Then, I cut out just half of the bowl shape (because the cape isn’t going all the way around my girl’s neck but plus, the fabric is folded over and doubles the circle that you cut out).  And then I began cutting a circle curve around the half circle, that was evenly measured 30 inches out from the half circle.  I went as far as I could go, before I ran out of fabric.  Once I opened it up, it was about 3/4 of a full circle.  If I didn’t want to gather in anything, I would have just cut a 1/2 circle (or what looked like a 1/4 circle while it was folded in half).


Then, I folded over the straight edges a 1/4 inch to the inside, then another 1/4 inch, and then sewed in place.  This just helps finish off those straight edges, which are the opening sides to the cape.


Next, I sewed a basting stitch (for gathering) around the inner circle, about a 1/4 inch from the edge……and then I set the cape aside.

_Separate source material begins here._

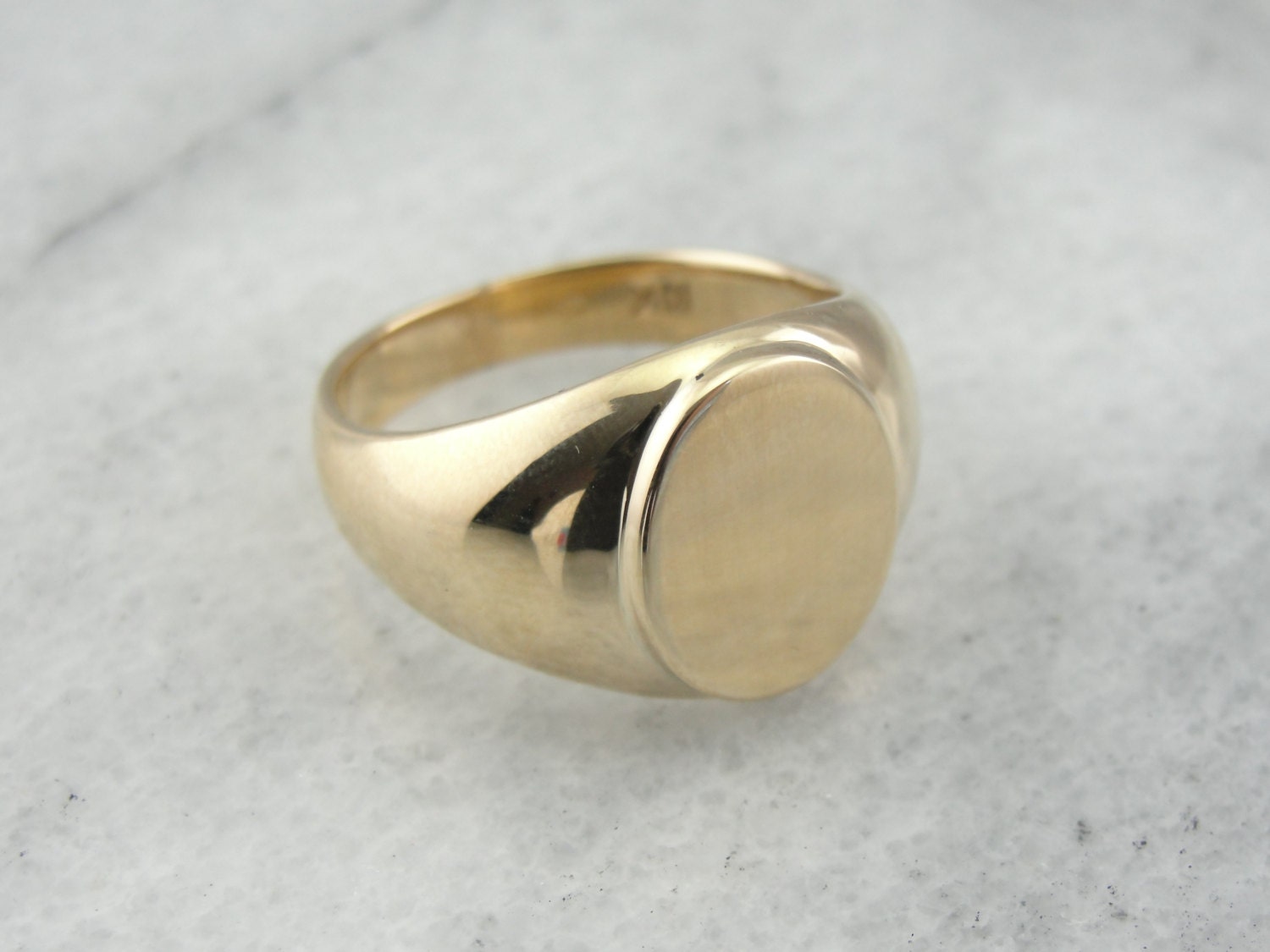 10 Karat Yellow Gold Plain, Modernist, Simple Signet Ring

Then, I cut out 4 hood pieces.  2 for the outer hood and 2 for the lining.  This is the basic shape below, with a curve at the bottom that was about the same curve as the curve of the cape neckline opening.  And if this helps you any while trying to freehand your hood shape, these pieces are about 10.5 inches wide (at the widest point) and 11.5 inches tall.  But my little girl has a small head.  Just be sure you add in enough for a seam allowance and maybe cut a little bigger than you think you’ll need and try on your subject as you go.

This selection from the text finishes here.